This function will do the trick:

def include_keys(dictionary, keys):
    """Filters a dict by only including certain keys."""
    key_set = set(keys) & set(dictionary.keys())
    return {key: dictionary[key] for key in key_set}

Just like delnan's version, this one uses dictionary comprehension and has stable performance for large dictionaries (dependent only on the number of keys you permit, and not the total number of keys in the dictionary).

And just like MyGGan's version, this one allows your list of keys to include keys that may not exist in the dictionary.

And as a bonus, here's the inverse, where you can create a dictionary by excluding certain keys in the original:

def exclude_keys(dictionary, keys):
    """Filters a dict by excluding certain keys."""
    key_set = set(dictionary.keys()) - set(keys)
    return {key: dictionary[key] for key in key_set}

Note that unlike delnan's version, the operation is not done in place, so the performance is related to the number of keys in the dictionary.
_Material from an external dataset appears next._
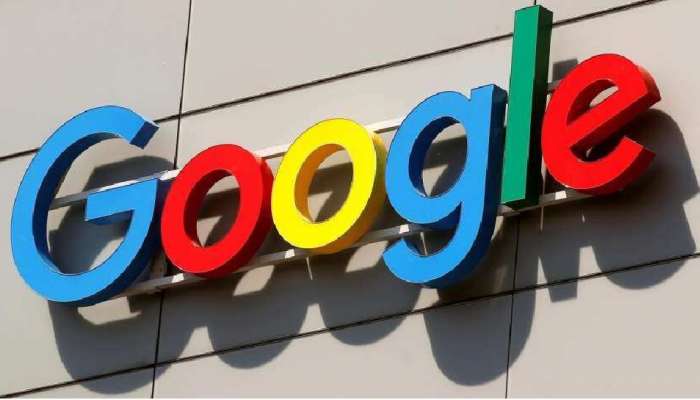 இத்தாலிய செய்தி நிறுவனங்கள் -Google இடையே கையெழுத்தானது ஒப்பந்தம்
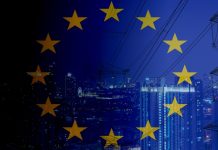 Battery energy storage and decentralised resilience: A new defence against electricity blackouts Battery energy storage and decentralised resilience: A new defence against electricity blackouts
However, the advantage of this is that the function will not modify the dictionary provided.

Edit: Added a separate function for excluding certain keys from a dict.

Based on the accepted answer by delnan.

What if one of your wanted keys aren't in the old_dict? The delnan solution will throw a KeyError exception that you can catch. If that's not what you need maybe you want to:

1. only include keys that excists both in the old_dict and your set of wanted_keys.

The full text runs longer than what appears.